Filter these entries down to lines holding "profile".
============================================================
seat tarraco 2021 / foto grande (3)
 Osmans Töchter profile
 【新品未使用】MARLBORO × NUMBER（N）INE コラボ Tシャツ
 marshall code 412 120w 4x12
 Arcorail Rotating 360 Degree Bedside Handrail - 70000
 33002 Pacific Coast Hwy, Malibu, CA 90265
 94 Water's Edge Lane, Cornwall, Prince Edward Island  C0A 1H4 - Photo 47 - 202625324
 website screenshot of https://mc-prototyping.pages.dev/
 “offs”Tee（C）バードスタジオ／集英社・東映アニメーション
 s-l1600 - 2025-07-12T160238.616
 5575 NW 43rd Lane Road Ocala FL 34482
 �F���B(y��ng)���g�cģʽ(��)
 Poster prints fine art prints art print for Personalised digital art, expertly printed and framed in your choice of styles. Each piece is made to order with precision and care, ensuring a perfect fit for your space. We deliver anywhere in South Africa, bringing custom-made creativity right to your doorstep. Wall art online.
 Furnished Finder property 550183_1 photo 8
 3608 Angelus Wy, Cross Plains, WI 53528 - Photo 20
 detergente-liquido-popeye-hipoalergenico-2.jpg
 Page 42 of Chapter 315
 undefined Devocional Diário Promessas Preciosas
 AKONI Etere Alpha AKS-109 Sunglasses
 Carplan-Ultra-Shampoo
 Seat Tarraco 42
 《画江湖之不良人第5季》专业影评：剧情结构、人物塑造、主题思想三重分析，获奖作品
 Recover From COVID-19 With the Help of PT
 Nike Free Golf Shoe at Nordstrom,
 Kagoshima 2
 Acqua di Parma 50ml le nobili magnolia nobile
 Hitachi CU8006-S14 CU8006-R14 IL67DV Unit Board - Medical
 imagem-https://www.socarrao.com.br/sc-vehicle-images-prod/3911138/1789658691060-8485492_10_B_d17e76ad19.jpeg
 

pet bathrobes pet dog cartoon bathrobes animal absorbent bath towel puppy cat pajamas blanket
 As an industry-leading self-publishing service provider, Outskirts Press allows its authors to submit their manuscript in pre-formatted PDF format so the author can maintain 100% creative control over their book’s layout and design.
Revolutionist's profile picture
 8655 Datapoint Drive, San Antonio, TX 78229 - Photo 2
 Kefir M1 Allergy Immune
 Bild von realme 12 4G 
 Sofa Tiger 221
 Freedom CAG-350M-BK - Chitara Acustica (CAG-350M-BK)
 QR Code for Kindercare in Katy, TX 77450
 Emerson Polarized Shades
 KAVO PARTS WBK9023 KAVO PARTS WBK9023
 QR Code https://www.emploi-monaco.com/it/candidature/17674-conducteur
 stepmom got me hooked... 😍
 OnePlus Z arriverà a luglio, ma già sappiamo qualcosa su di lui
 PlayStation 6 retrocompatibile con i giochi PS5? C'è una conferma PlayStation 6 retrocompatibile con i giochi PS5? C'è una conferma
============================================================
- [Output for this task]:
 Osmans Töchter profile
Revolutionist's profile picture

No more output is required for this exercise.